Quote: I the told her that I needed to tell her something that she may take as rude and abrupt. I told her that I AM the father of our children and I have an equal say in their upbringing. I told her that she would not tolerate me making unilateral decisions for our children and expecting her to abide by them and I don't appreciate her penchant for doing the same. I told her that I would not tolerate any further unilateral decisions by her. She told me that she understood my feelings and that what I said was neither rude nor abrupt. She said she would stop doing that. I told her that unfortunately her behavior had become so common that breaking the habit would probably be harder than she thought but I appreciated her willingness to work on changing and that I would pay close attention to her efforts and applaud her efforts to improve. I think she thought I was nuts for saying that.
Way to take charge and be Alpha Male. Strong and to the point. I like it.
Quote: W tells me that OM has been dating someone else the whole time that he has been dating W and she is really hurt. I tell her I am sorry that she is feeling hurt. It's tough to tread lightly and empathize with W for hurting but not say anything about empathizing with WHY she is hurting. W says we (she and OM) are finished. W then says what's wrong with me? I say that there is one person in this world who loves you more than he knows how to tell you. I told her I am sorry you hurt. I have never wanted you to hurt. She says she knows.

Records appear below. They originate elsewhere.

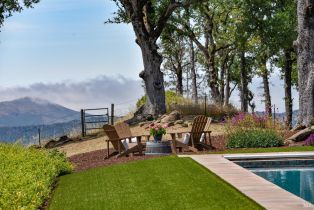 Single Family Residence,  Longhorn Ridge road, Napa, CA 94558 - 64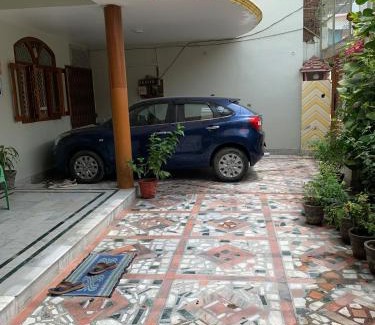 Faizabad Casa | Spacious House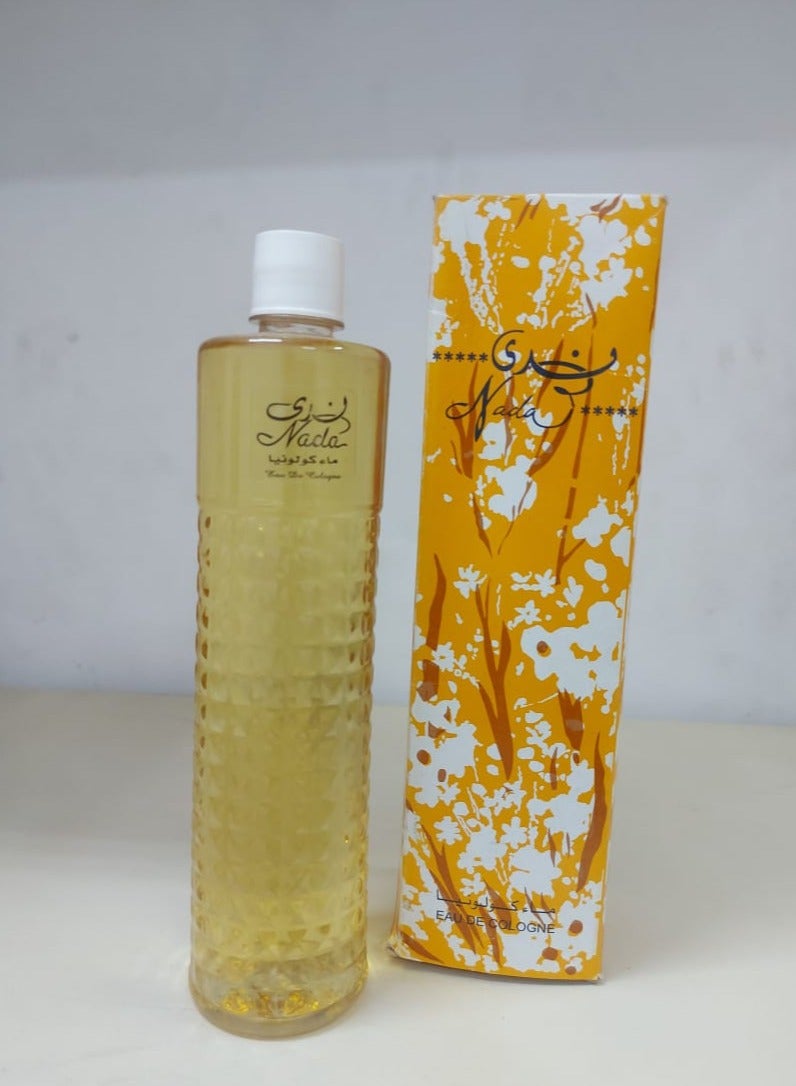 Nada 555 cologne 790 ml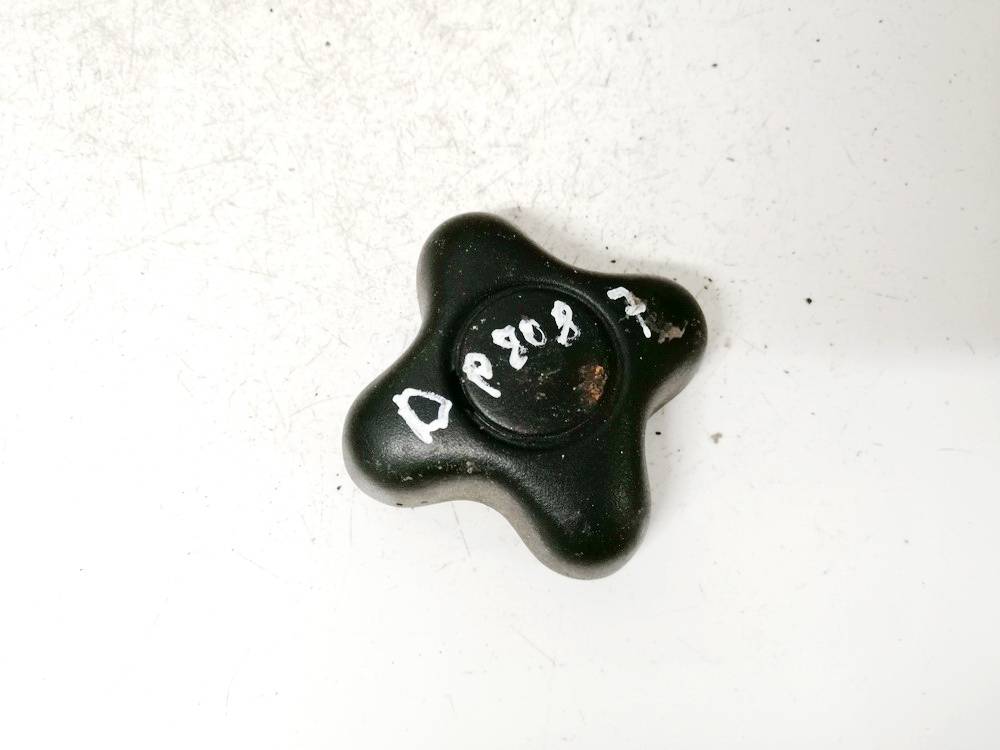 7700410797 Renault Laguna 1996 Wykończenie wnętrza (plastikowe elementy)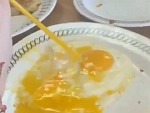 That's How You Eat Your Eggs?

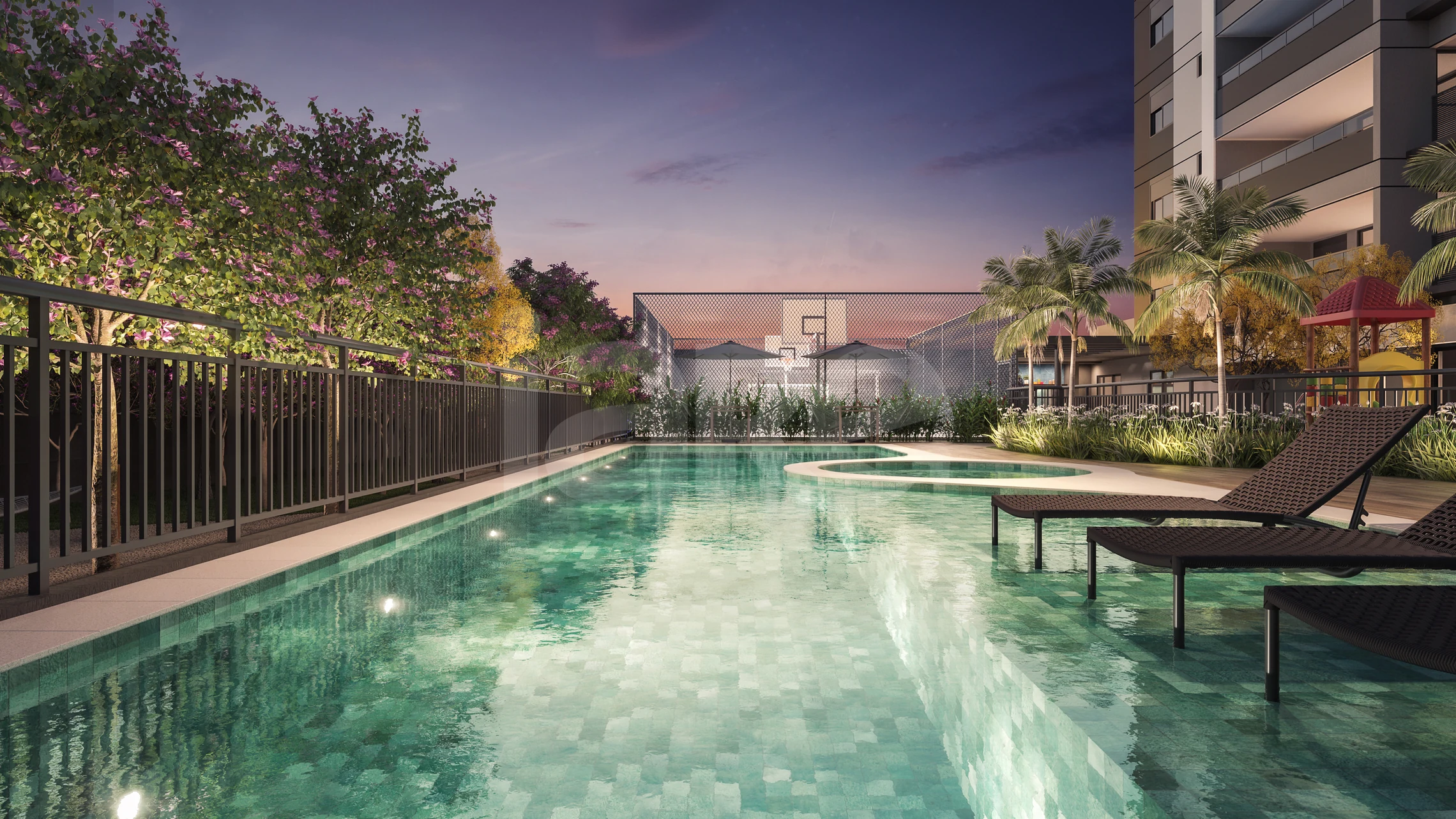 Imperium MBigucci - Apartamento com 101,19 m², em Ipiranga — foto 5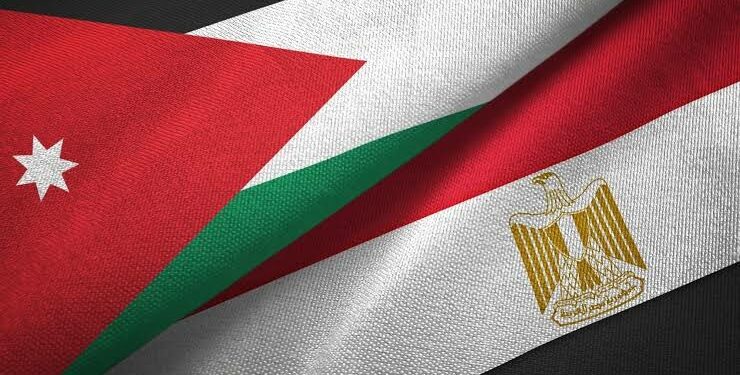 Egypte- Jordanie : Les investissements discutés 1 - Le Progrès Egyptien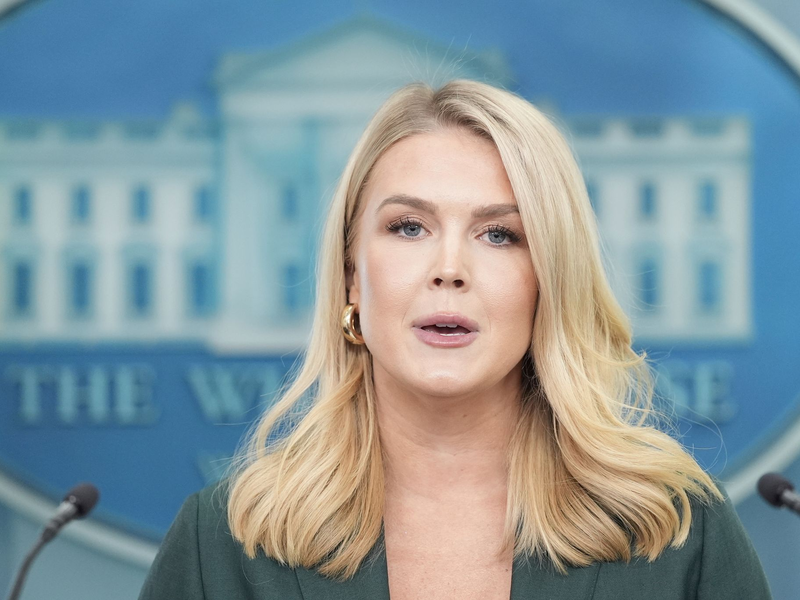 Kein Nachgeben auf US-Seite - Foto: Mark Schiefelbein/AP/dpa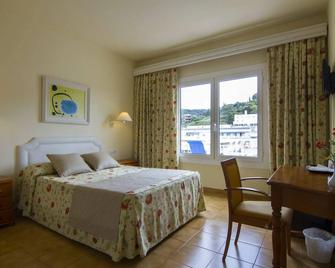 Florida - Tossa de Mar - Habitació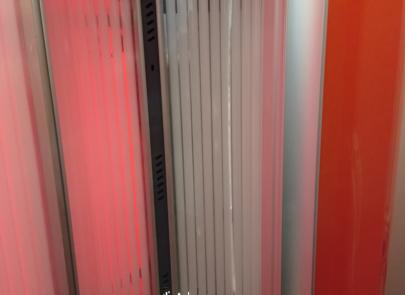 Czas na odprężenie w Centrum Sportu Raszyn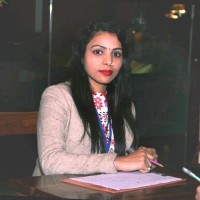 Pooja Sharma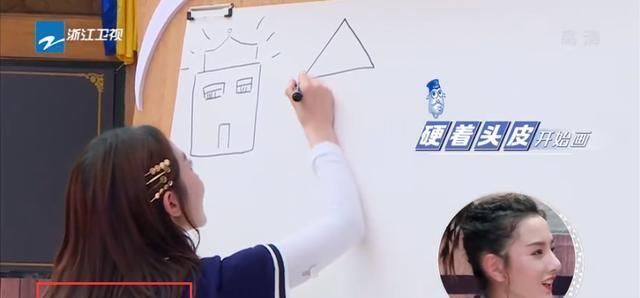  全程|宋祖儿针对孟美岐, 孟美岐全程无心玩游戏, 热心的李晨急救场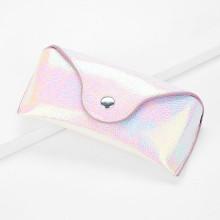 Shein Iridescence Sunglasses Bag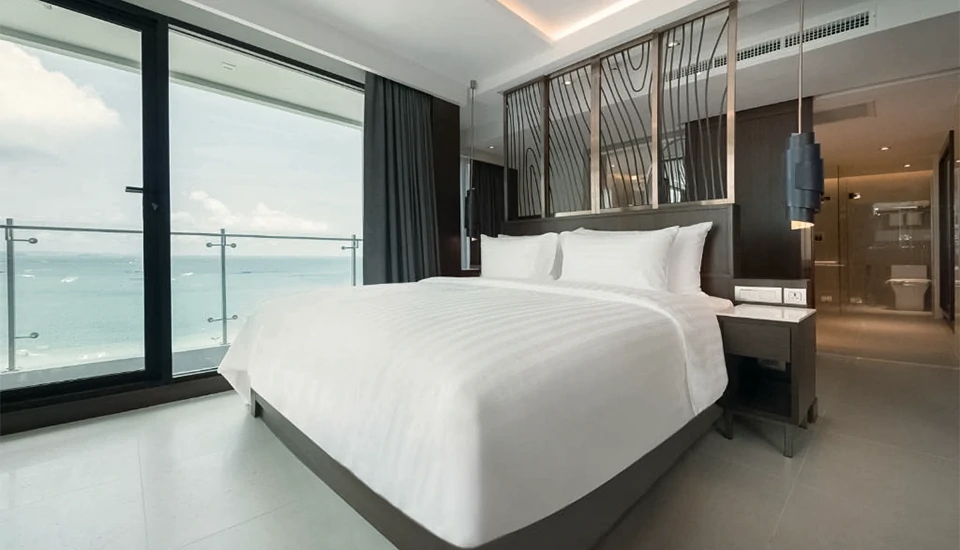 هتل میت پاتایا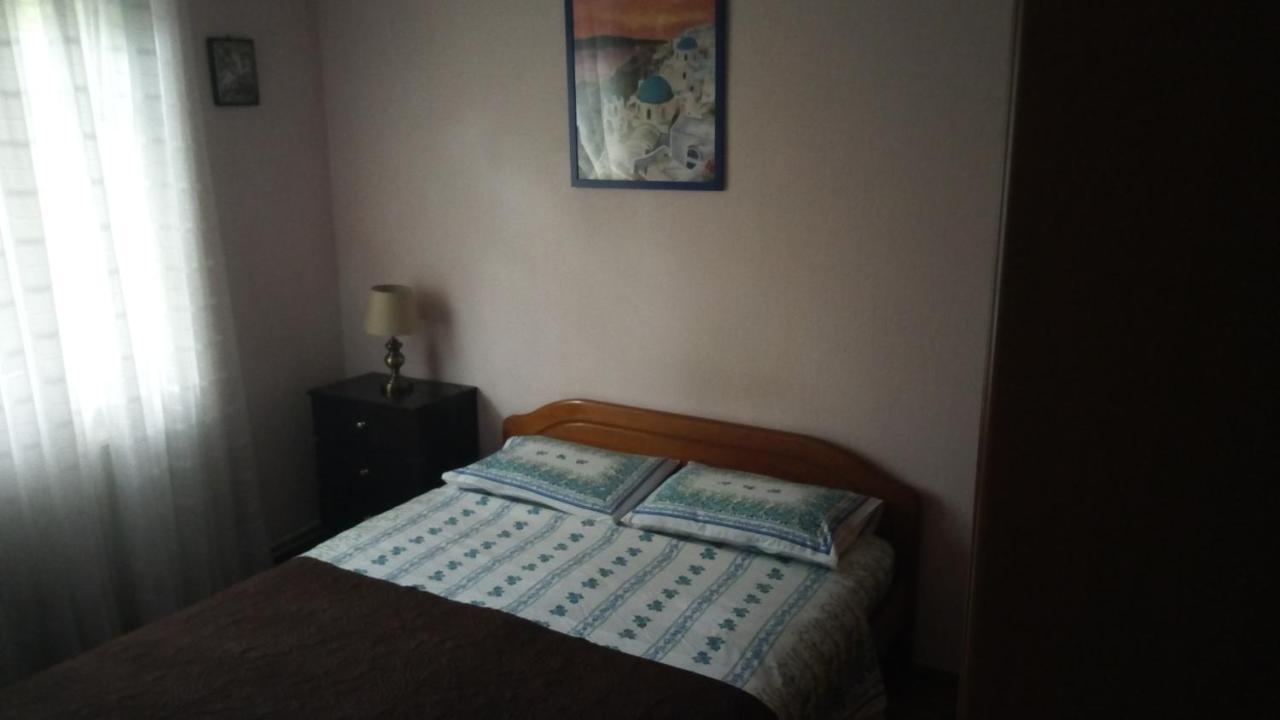 Big Apartment Near Olympus Mountain Litochoron Bagian luar foto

As they say: "Deja F*cking Vue!"
read this from my old thread, around 2/7/06 where she tells her dad 'it's over' with OM, then later when she has a breakdown. It's a pattern.
Quote: I was talking to my dad. He seems to be the ONLY one in my family that does not sit in judgment for taking a stand and doing all that I can to save my M and keep my family together. He tells me that my family saw how my W treated me during our M and they are only fixated on believing that I am blind to reality and that I deserve to be treated better. I tell my dad that I do see how I was treated. I am not blind nor delusional.
I'm glad to hear this. THE most important thing is going to be to keep your changes FOREVER. It is so easy to drop them It's a work in progress and when you are together again SHE has to be doing the work too.
You are becoming your authentic self, and it's leaking into every facet of your life. I'm reeling from all this! You da bomb!